ASUS CEO Jerry Shen氏

 ASUSTeK Computer(ASUS)と言えば、これまでのユーザーの認識はトップシェアの小売マザーボードメーカーというイメージだったのではないだろうか。だが、Eee PC発売以降、ASUSはPC本体の市場においても存在感を高めつつある。ASUS CEOのJerry Shen氏は「我々は第4四半期にはノートPCの市場シェアで第4位になると信じている」と述べ、ネットブックがノートPCの市場にカウントされるため、日本だけでなく世界市場においても同社の市場シェアが急速に伸びるだろうという見通しを明らかにした。

 ASUSは2008年1月、同社が持っていたODM(設計から製造までの委託製造)部門を切り離し、今後はより急成長に備えるため他のODMベンダも利用して柔軟に製造を行なっていくことを明らかにした。こうしたことにより、ASUSは製品の開発、マーケティングや流通などに注力して、世界のメジャーブランドになることを目指していく。

●2008年1月にODM部門をPegatronとして分離、独立させる

 ASUSTeK Computer(以下ASUS)は、2008年1月に会社としての性格を大きく変えている。というのも、ASUS本社から製造部門を切り離し、Pegatronとして独立させたからだ。従来からあったASUSの工場(台湾の桃園や中国の上海など)はPegatronに移行され、ASUSはマーケティングや研究開発、サポートに専念するという体制になっている。

 こうした体制に移行したことについて、ASUS CEOのJerry Shen氏は「2つの理由がある。1つは我々自身のブランドが成長したことで、ODMの顧客と直接競合する可能性がでてきたこと。もう1つはサプライチェーンの効率やスケールメリットを確保するためだ」と説明する。日本のコンシューマユーザーから見れば、ASUSという会社はマザーボードの会社だろうし、Eee PCの会社だろう。しかし、立場を変えると、もっと違った側面が見えてくる。デルやソニーなどの大手OEMメーカーにとっては、ASUSはODMメーカーとしてそれらのOEMメーカーの製品を作る製造工場ともなっていた。

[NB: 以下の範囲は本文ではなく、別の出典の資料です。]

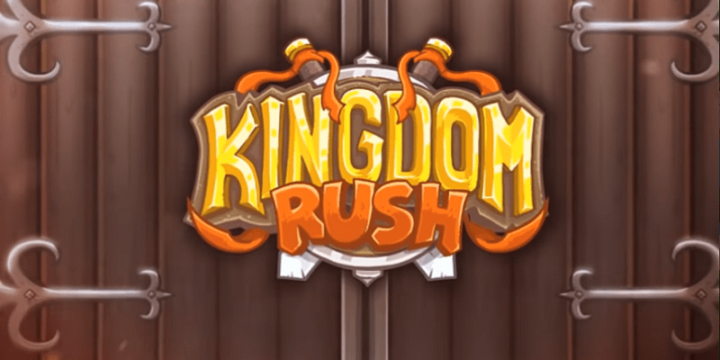 Kingdom Rush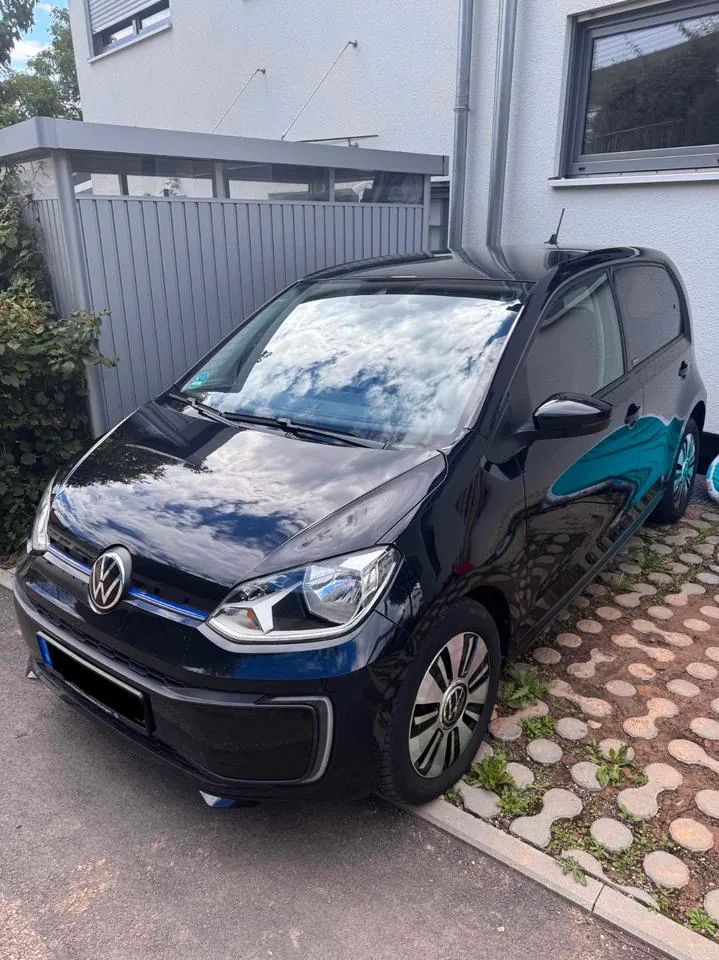 Volkswagen E-Up!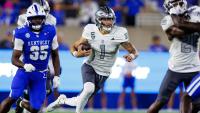 Wisconsin football's Week 3 opponent has QB with Big Ten ties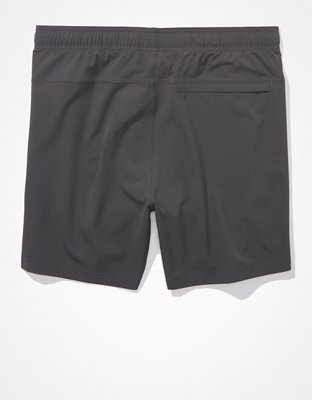 AE 24/7 6" Training Short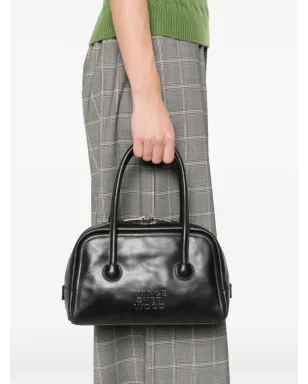 Marge Sherwood トップハンドルソフトトートバッグ - サムネイル2
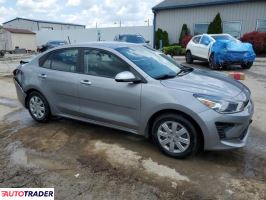 Kia Rio 2021 1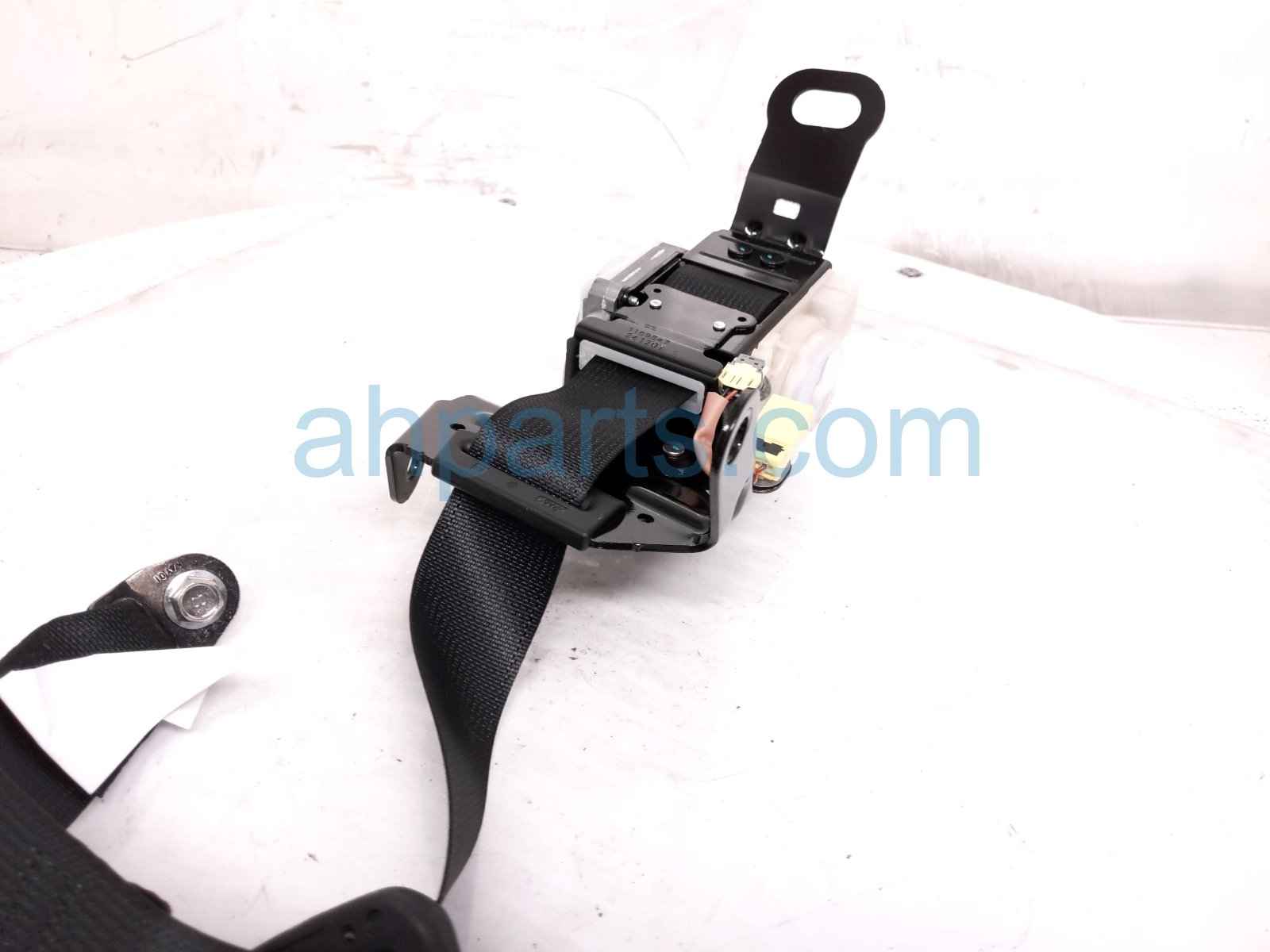 2025 Honda Civic Rear Passenger Seat Belt Retractor Black 04824 T65 A00ZA Replacement 2025 Honda Civic Rear Passenger Seat Belt Retractor Black 04824 T65 A00ZA Replacement thumbnail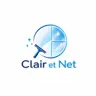 Clair et Net — nettoyage de vitres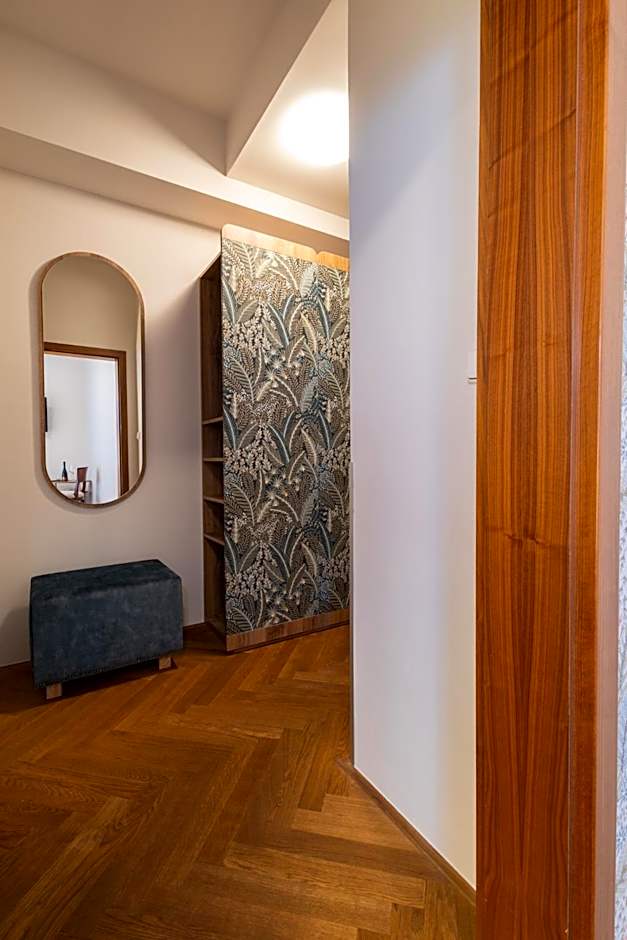 Hotel Tanzberg Mikulov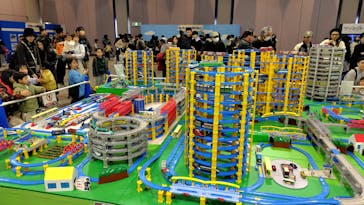 プラレール博 in OSAKA事務局に投稿された画像（2026/1/12）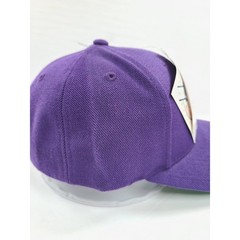 Annco Arizona Diamondbacks Snapback Mens Hat Purple VTG 90s Style Baseball MLB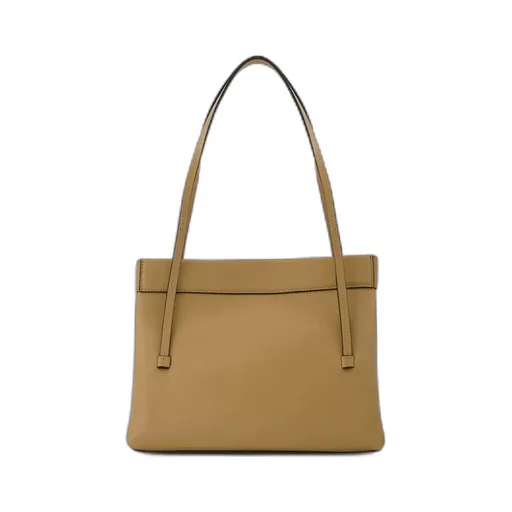 Wandler Joanna Logo-Printed Tote Bag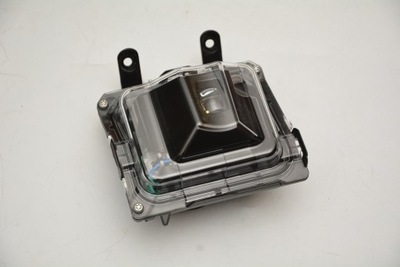 Противотуманная фара правый lexus nx ii 22-2024r оригинал !!! фото №1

 しかし、Eee PCの成功や、ヨーロッパ市場においてASUSがメジャーなノートPCビジネスのプレイヤーとなることで、ASUS自身のブランドがデルやソニーといったOEMメーカーのブランドと競合するようになってきつつあった。例えば、ASUSでデザインしたノートPCをOEMメーカーに供給するとして、同じようなデザインがASUSからでていたらどうだろう。OEMメーカーのブランドの認知度がASUSを大幅に上回っていれば問題ないが、ASUSのブランド認知度が上がってきてしまえば、やはりそうは言ってられなくなるだろう。

 実際、日本市場でも同様のことが起きていた。日本でもASUSがODMで製造したノートPCをOEMメーカーが販売していたのだが、同じようなスペックをASUSが販売していた、という例がある。この時はASUSのブランド認知度は、そのOEMメーカーに比べて低かったし、価格もそのOEMメーカーに比べて高かった(ASUSの方が出荷数が少なかったので、どうしても高く設定せざるを得なかったからだ)ため、問題にはならなかったが、今後日本でもASUSの認知度が上がれば、それもどうなるかはわからないだろう。

●今後はPegatron以外のODMベンダも利用していく方針

 では、ODMのビジネスをやめて、自社ブランドだけに集中すればいいだろう、と考える読者も少なくないだろう。だが、今度は規模の経済の理屈で他社に負けてしまうことになる。というのも、PCビジネスは経済的規模が非常に重要視されており、ある程度の規模、つまり多数のPCを出荷できなければ競争に勝ち抜くことができないからだ。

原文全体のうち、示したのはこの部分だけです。